Court Opinion

ID: 9447144
Source: CourtListenerOpinion
Date Created: 2023-08-03 22:26:44.966484+00
Date Added: 2024-06-11T17:30:54.931074
License: Public Domain

JONES, Circuit Judge
(dissenting).
For the reasons here given I cannot agree with the majority. The taxpayer, Shelby Owens, and his then wife, Margaret Owens, were equal owners, as husband and wife, by virtue of the Texas community property law, of a half interest in a lumber business. The majority speaks of the taxpayer making the questioned payment for the “protection of income-producing property.” The majority talks of “saving his interest”, “retaining his full interest”, and “keeping the lumber business.” It might more accurately have spoken of acquiring the wife’s interest. The interest in the lumber business was as much the property of the wife as of the taxpayer. The settlement agreement did not provide that the interest in the lumber business should be saved, retained or kept by the taxpayer. It provided that it should “become the property of” the taxpayer. The judgment of the court which entered the divorce decree provided that the taxpayer “have and recover from” his then wife who was divorcing him, “all of the remainder of the community property and all property standing in the name of Shelby Owens, including, but not exclusively, interest in Stuckert-Owens Lumber Company,” etc. The taxpayer, of course, had the right of control of the community property during the marriage. If the payment which the taxpayer made was in fact made for services rendered to the taxpayer, of which more will be hereafter said, such payment was made primarily for the purpose of effecting the acquisition of his wife’s interest in the lumber business rather than protecting his own. Legal fees paid for the acquisition of property, whether income producing or not, are usually not deductible but are treated as capital expenditures which become a part of the cost. Mertens Law of Federal Income Taxation, §§ 25.26, 25 A. 15.

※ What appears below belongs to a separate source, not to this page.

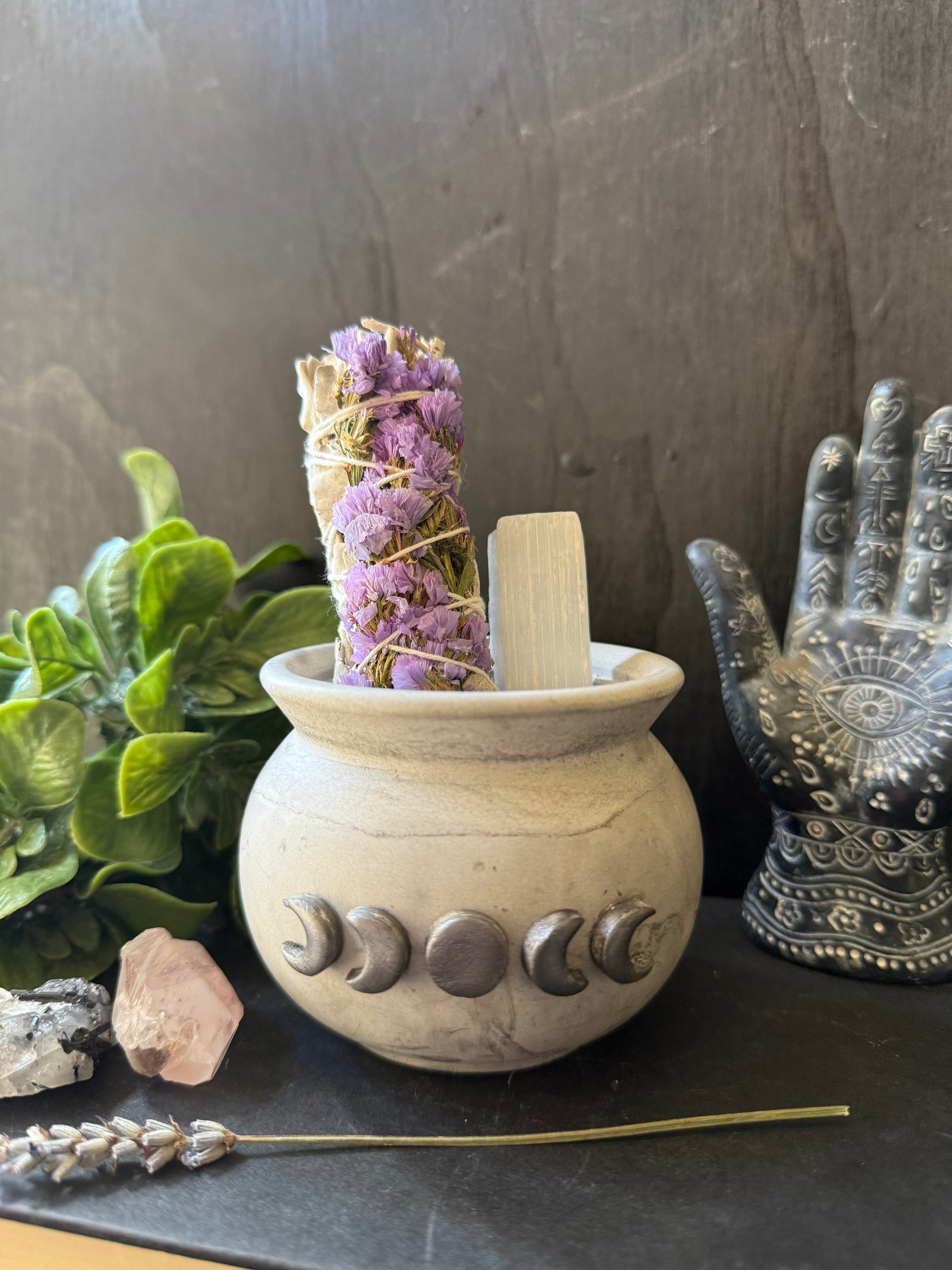 Decorative stone pestle and mortar with herbs on a dark surface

The property settlement in the divorce decree provided that the taxpayer should pay “attorney’s fees and costs of suit in the divorce proceedings to be filed.” The divorce decree approved the settlement and recited “that the attorney’s fees decreed are reasonable and have been incurred.” The closing paragraph of the decree stated “that all of the above decreed has been performed except as to the attorney’s fees to be paid to H. S. Lattimore.” This is the extent of the references to attorney’s fees in the divorce proceeding in so far as the record before us discloses. From the testimony of Lattimore it is quite clear *258that he applied to the court for an attorney’s fee for representing the wife and the court fixed that fee, to be paid by the husband, in the amount of $7,500. There was no reason for any reference to attorneys’ fees in the settlement agreement and in the divorce decree if each party paid his and her own attorney, and it would seem that any such reference would usually be out of place in such instruments.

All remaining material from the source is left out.